The Lifetime Channel offers these two powerful unrated, fact-based
dramas. In The Bling Ring (88 minutes), Zack (Austin
Butler), a Los Angeles high school student, transfers to a new
school, where he makes friends with a group of females. The leader,
mean girl Natalie (Yin Chang ), proves to be an unrepentant
sociopath, as she coerces her tight group into a series of burglaries
of celebrities’ homes. Zack shows remorse, while Natalie revels in
her newly found booty from the homes of such as Paris Hilton and
Lindsey Lohan. Meanwhile, the police zero in, slowly bringing a halt
to this impending disaster. Girl Fight (88 minutes)
examines the consequences of bullying with its story of Haley
(Jodelle Ferland), a bright but not popular student. Eventually, she
believes she has made friends with a group of popular girls she had
previously ridiculed. When they discover some snide comments Haley
had made about them on-line, they brutally take it out on her. One
girl films the event, which eventually lands on-line and in the hands
of Haley’s parents (Anne Heche and James Tupper).
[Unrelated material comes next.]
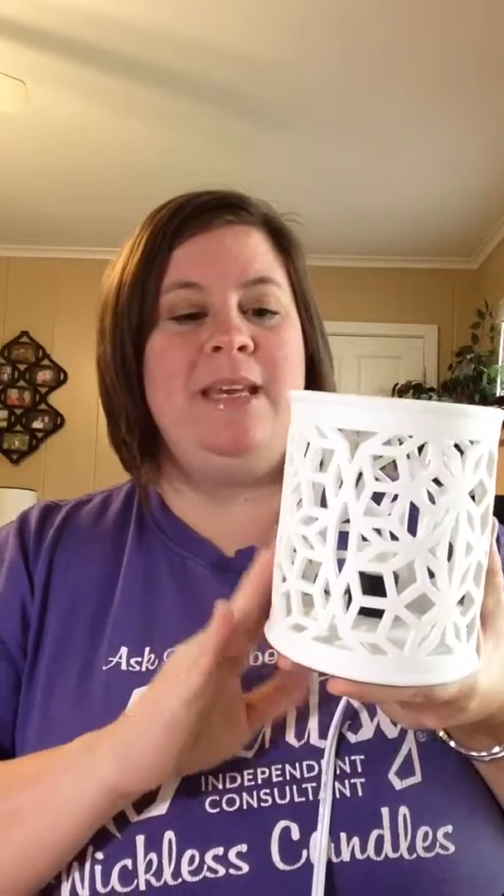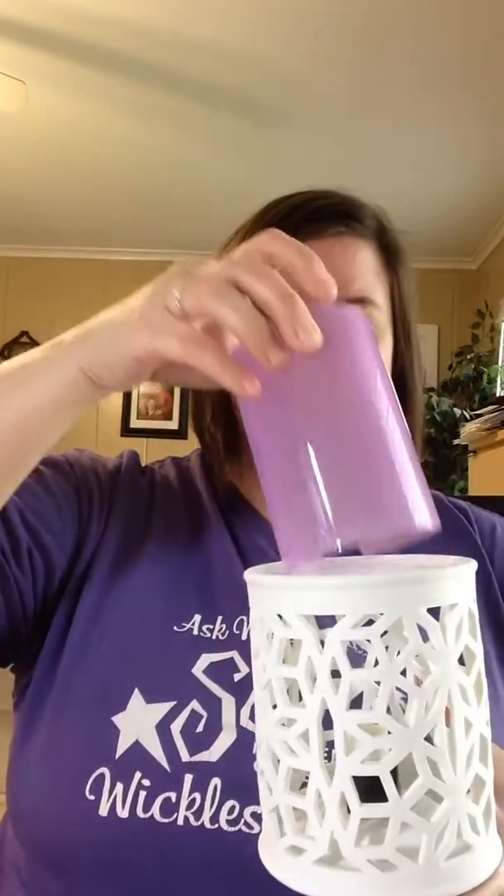So we start with piece one of three. This is the outer part of the warmer. You do put your light bulb in the base of here and then it's got your cord. Then we have a sleeve that you just slide down in, and the bottom of it has that cut out to go over the cord. So you put that down in there and then it shines through.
They back their
daughter but want to make sure the girls are prosecuted, which leads
to a media onslaught as well as community conflict.

 

 

She’s Not Our Sister (**1/2)

Playwright Johnnie Johnson wrote and Snoop Robinson, directed this music-filled
family comedy about three sisters who unite when their father dies.
But they only come together when they learn that dear ole pop had a
secret family, and that they have a half-sister. What makes it even
worse is that it looks like the interloper may weasel herself into a
share of the father’s estate. With Kellita Smith, Drew Sidora, Tony
Grant, Azur-De, Christian Keyes.

Not rated, 90 minutes. The DVD also includes a photo gallery.

 

 

Ralphie May: Too Big to Ignore,

Bobcat Goldthwait: You Don’t Look the Same Either

With these two new releases, it looks like it will be, as Stephen Sondheim
said, comedy tonight. Ralphi May stars in Too Big
(108 minutes), a recorded performance for a Comedy Central special. The
popular comic delivers his irreverent humor that takes on race
relations, his dysfunctional family and even tackles politics. The
DVD also includes a “behind-the-scenes” featurette. Bobcat
Goldthwait is the titular star on You Don’t Look
the Same
(57 minutes), an original performance on Showtime in which he looks
back on, with comic glee, his eventful career which has given him
plenty of comic material.

 

 

Happiness is Peanuts: Team Snoopy

Charlie Brown and the world’s most famous beagle return in this sports
related collection of unrated TV specials: Lucy
Must Be Traded, Charlie Brown, The Pelicans, Great Pumpkin,
and
Spike.
48 minutes.

 

Cold War (****)

This excellent 1998 documentary now arrives for the
first time on DVD. First seen on CNN, the Peabody Award winning work
examines in detail how the U.S. and the Soviet Union fell into and
then extended their long-term detente. In the 24 episodes, on six
discs, documentarian Jeremy Isaacs presents not only fascinating
extant footage but also some rarities, such as at the meetings of the
Big Three at Yalta and in Tehran during World War II. A luminous
array of guests sits for interviews, including George H. W. Bush,
John Kenneth Galbraith, George Kennan, Jimmy Carter, Lech Walesa, and
Mikhail Gorbachev. Fidel Castro contributes and is also the subject
of a separate interview. Kenneth Branagh narrates, and a
distinguished cast helps supply the voice-overs.

Not rated, 1122 minutes. In addition to the Castro
interview, the collection includes the 36 minute Oscar-nominated
documentary “The Hoaxters.”

Also on DVD: Chuck—season five, The Genesis Code, Last
Breath, Playback, Underworld: Awakening, The Vow.